Editor's note: This story is part of an ongoing series about new clergy leaders in the metro area.
The Rev. Ray Douglas said he has a healthy respect for the preachers who came before him.
Douglas, the new senior pastor of Greater Mount Olive Baptist Church, said the church's previous leader was one of his greatest mentors, and another well-known clergyman also gave him much guidance.
Douglas, 47, became the fourth senior pastor of Mount Olive, 1020 NE 42, in March after serving as an associate pastor from 2004-2011 and assistant pastor beginning in July 2011. The late Rev. A. Glenn Woodberry, the church's longtime pastor, died in September 2011 after serving in the position since 1984.
“I came to Mount Olive, and Pastor Woodberry sent me to a lot of places on his behalf,” Douglas said.
“He really embraced and cared about younger preachers.

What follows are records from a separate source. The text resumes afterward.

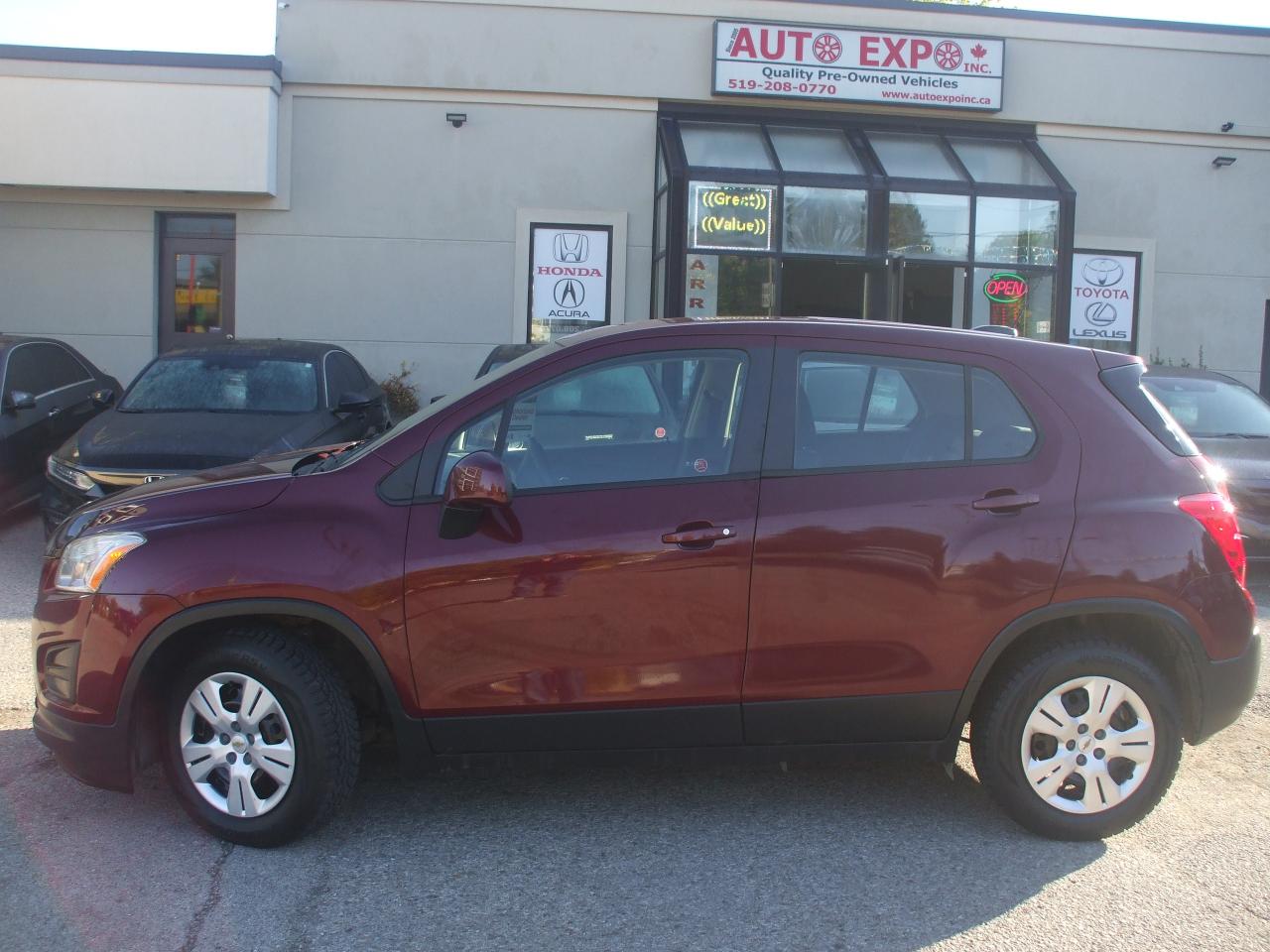 2016 Chevrolet Trax LS,Certified,Bluetooth,2 Set of Tires,Clean Carfax - Photo #2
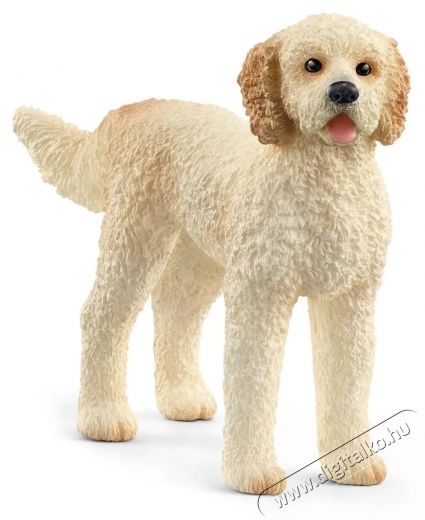 Schleich goldendoodle figura H&aacute;ztart&aacute;s / Otthon / K&uuml;lt&eacute;r - J&aacute;t&eacute;k / Sport - J&aacute;t&eacute;kfigura - 533763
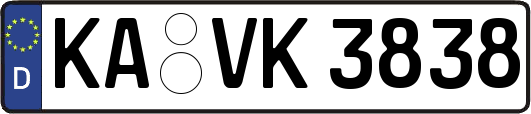 KA-VK3838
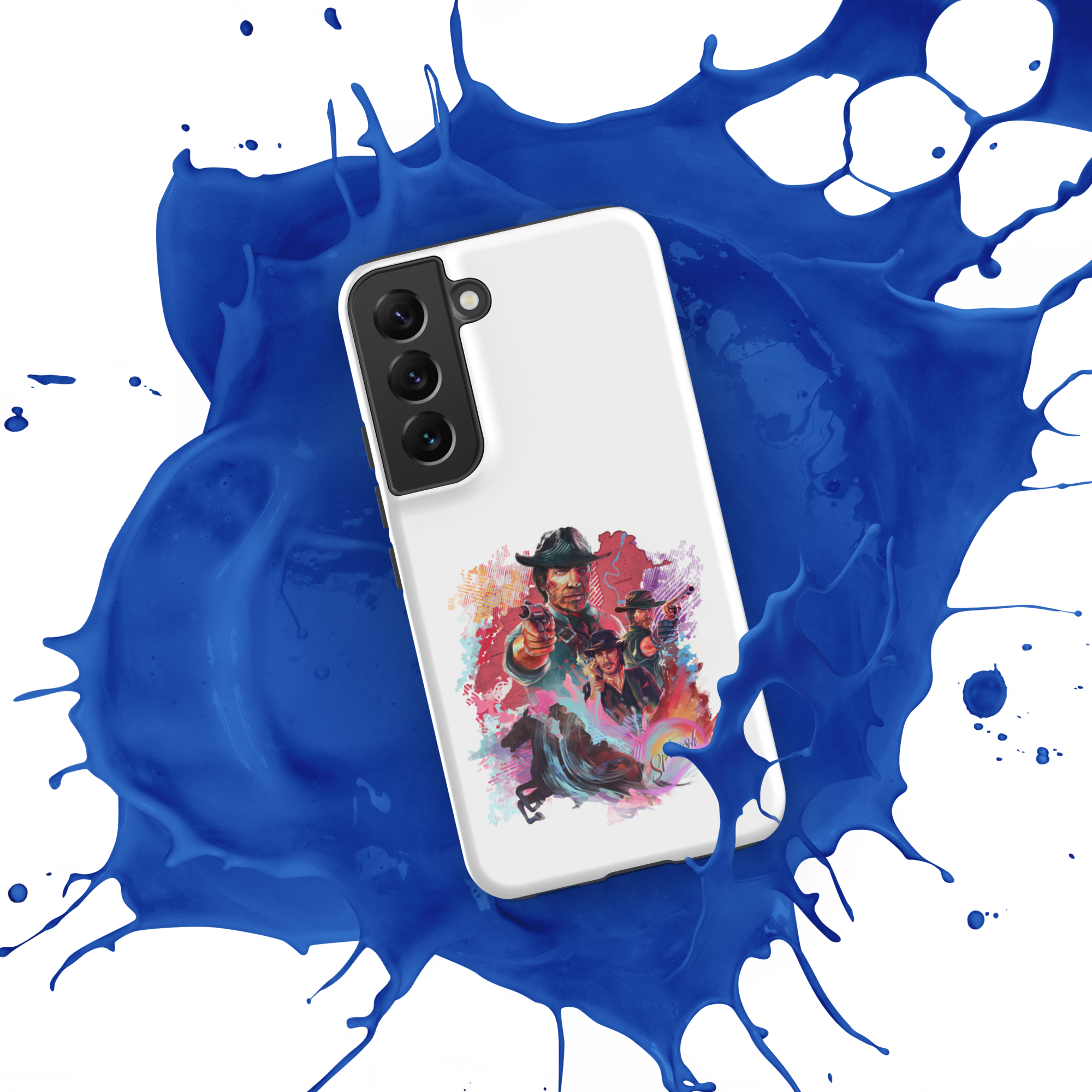 Red Dead Redemption Samsung Case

Oftentimes, preachers don't have time to mentor younger pastors.”
Before Woodberry, there was the Rev. J.A. Reed, senior pastor of Fairview Baptist Church, 1700 NE 7.

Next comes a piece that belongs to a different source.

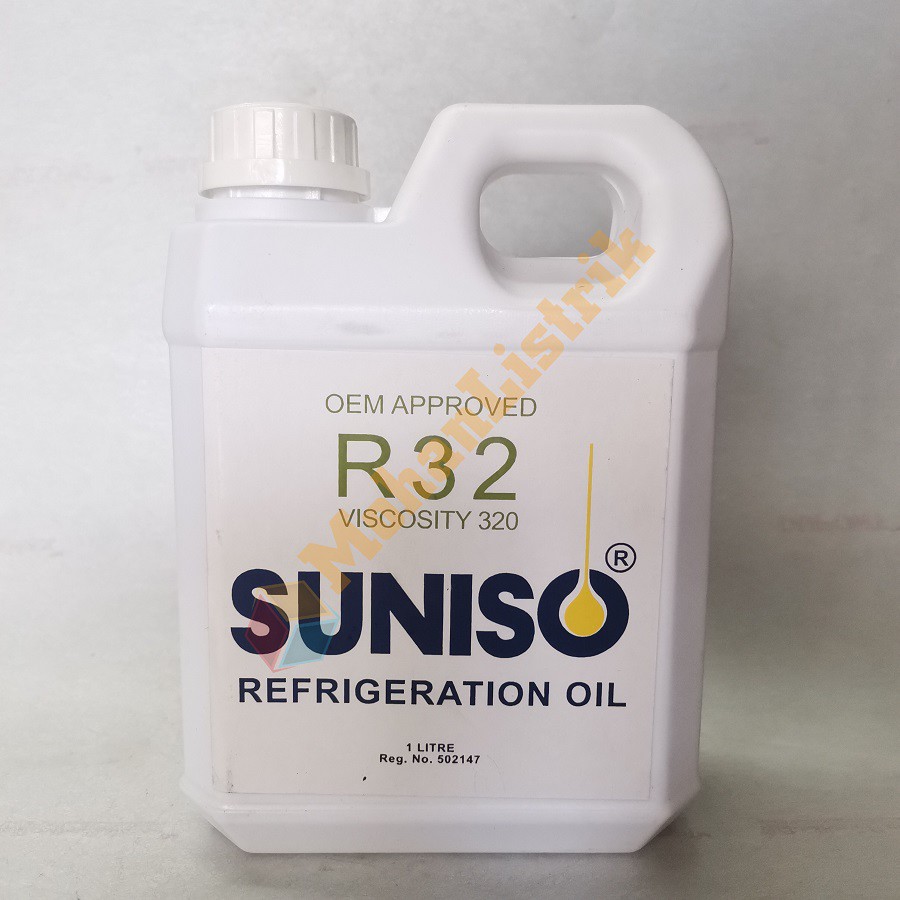 Oli Kompressor R32 Suniso Compressor OEM Approved Regrigeration Oil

Douglas said he grew up at Fairview, and Reed baptized, mentored and ordained him into the ministry. He said he also served as Reed's assistant for several years.
As Douglas prepares for the church's 102nd anniversary celebration on Sunday — the first with him as pastor — he said he is grateful for the years he spent with the two older men and his time at Mount Olive before becoming its senior pastor.

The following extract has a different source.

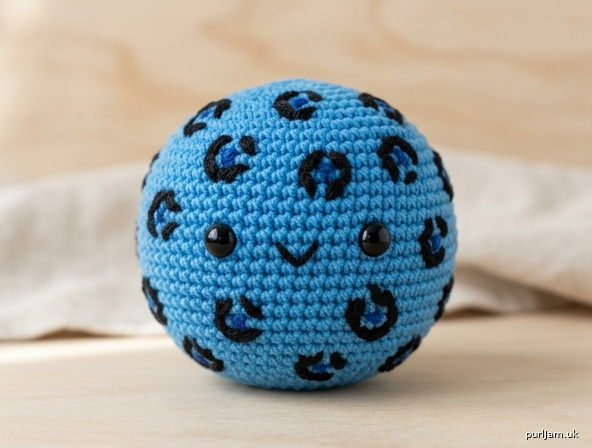 Bluey The Leopard Spot Ball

“I think Mount Olive is the best church this side of heaven,” he said, smiling. “I think everybody should be at Mount Olive.”
Douglas and his wife of 22 years, Angela, have four adult children.
He said he grew up in church and can identify with many third- and fourth-generation Mount Olive members because of that.
He said the church, affiliated with the National Baptist Convention USA, is doing an excellent job drawing people for such things as midweek services. He said Mount Olive has a popular Wednesday night Bible study that draws several hundred people each week.
Douglas said one of his goals is to find new ways to connect with the unchurched.
“If we have 1,000, we need to look at how do we get to 1,500. That is my passion — to grow,” he said.
He said he thinks it's OK to use technology to get church news to the congregation and the community. He said as long as the Gospel message stays the same, congregations should look at the ways they share it with others.
Douglas said he recently visited a metro-area church that he had heard a lot about from people who had never gone there. The remarks about the other ministry were somewhat unflattering because their style was nontraditional.
Douglas said he decided to see for himself.
“We can't despise what someone else is doing with their methods as long as their message is essential, and that message is there is one God, and He loves us so much that He sent His son to die for us,” he said.
Douglas said Mount Olive's leaders, particularly Woodberry, were always forward thinking and looking for ways to aid the community. He said the church is considering developing property for a doctor's office complex because few doctors are on the city's northeast side.
He said his congregation is willing to make changes that result in progress.
“It's been a great church with great leadership, and I realize that it's not just a pastor, but it's the people. If I could, I would wear a button that says, ‘I heart Greater Mount Olive.' It's just that awesome.”